生命保険 解説・用語集

定額年金保険の概要と比較のポイント

定額年金保険とは個人年金保険の一種で、老後の生活資金を補完するための保険だ。加入するときの予定利率で、保険料積立期間、据え置き期間、年金受取期間の年金の原資をの運用利回りを保証する。あらかじめ定められた利率で確実に増やすことを目的とする保険のため、安全性を見込んで予定利率は低く抑えてある。

定額年金保険を選択する上では、保険料・保険料払込期間・年金受取開始年齢・据置期間・年金支払期間・年金種類・基本年金額を考慮する必要がある。「保険料」は月額1~5万円程度にするか一時払い(一括でまとめて支払う)にするケースが多い。「保険料払込期間」は保険料を何歳まで支払うか?という期間だが、大抵は60歳か65歳の二択になっている。何歳で退職するかを目安に考える必要がある。早期退職するなら60歳か退職金で残りの保険料を支払うことになる。

「年金受取開始年齢」は年金を受け取り始める年齢のことだが、これも60歳・65歳の二択のケースが多い。退職する年齢もさることながら、2014年現在で男性で53歳以下だと公的年金を受け取るのは65歳からとなる。60歳で退職してから公的年金を受け取る65歳までの空白の5年を埋めるのか、はたまた退職金で補うのか、別の金融商品(投信の毎月分配型など)で埋めるのかを考える必要がある。「据置期間」は保険料の払込終了から年金受け取り開始までに据え置かれる期間だ。

「年金支払期間」は年金を受け取る年数を意味するが、5年・10年・終身を選択することが多い。5年は前述の60歳から65歳までの空白の5年を埋めるためで、10年は早期退職ないしは年金の受給開始年齢を70歳まで引き上げる選択をした場合のためといえよう。ちなみに受給開始年齢を70歳まで引き上げると、その分だけ年金額は大きくなる。終身だと公的年金の上乗せとしての意味合いが強い。「年金の種類」は、個人年金保険でも既述したように年金の受け取り方などでことなる種類を指す。

個人年金保険の区分と特徴(有期年金・確定年金・終身年金・保証期間付終身年金など)

最後に「基本年金額」だが、これは受け取る年金の額だ。多くの保険会社では基本年金額は年額のため12ヶ月で割る必要がある。基本年金額が60万円だとすれば毎月5万円を受け取ることになる。この大小がお得な年金保険か否かを決めるわけだが、その際に用いられる指標の1つが返戻率だ。返戻率は受け取る年金の総額(基本年金額×年金支払期間)÷支払った合計保険料で算出できる。仮に40歳で月額1万円で65歳払込完了の支払い期間10年の年金保険を契約し、基本年金額が35万円だとする。すると受け取る年金の総額は350万円に対して、支払った保険料は合計300万円となる。返戻率は350÷300=1.16で返戻率は116%となる。支払った保険料が1.16倍(16%増し)で戻ってくるということだ。

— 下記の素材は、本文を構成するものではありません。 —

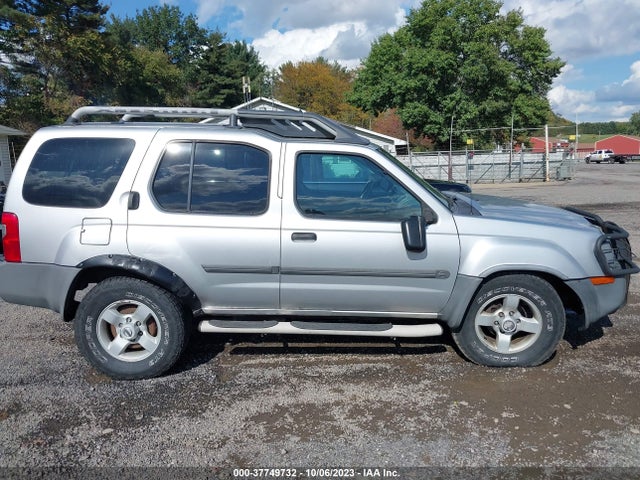 2004 NISSAN XTERRA XE VIN: 5N1ED28Y94C686720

ただし、返戻率は時間軸を無視しているため他の金融商品(定期預金や個人向け国債)と比較できない。そのため年金保険も返戻率ではなく、年の利回りで計算して比較する必要がある。その場合は「年金保険で増えた額(利息額)÷支払った合計保険料÷払込み年数×100」で計算できる。

前述の例だと、増えた額は50万、支払った保険料は300万、払込み年数は25年となるが、これを上述の式に当てはめると「50万÷300万÷25年×100≒0.6%」となる。これで利回りは0.6%ということが分かる。仮に年金支払い期間も運用期間に含めるなら利回りは0.47%となる。上述の例なら定期預金の0.35%、個人向け国債の0.4%よりは有利となる。ちなみに自分で計算するなら、エクセルで上述の数式を組むか、POWER関数を使っても容易に計算できる。

以上のことから定額年金保険を検討する際には、まずは目的に照らし併せて各項目を自分なりに決定し、まずは幾つかの保険会社で返戻率で比較する。その上で最も優秀なものを他の金融商品(定期預金・国債)などと比較するのが妥当だ。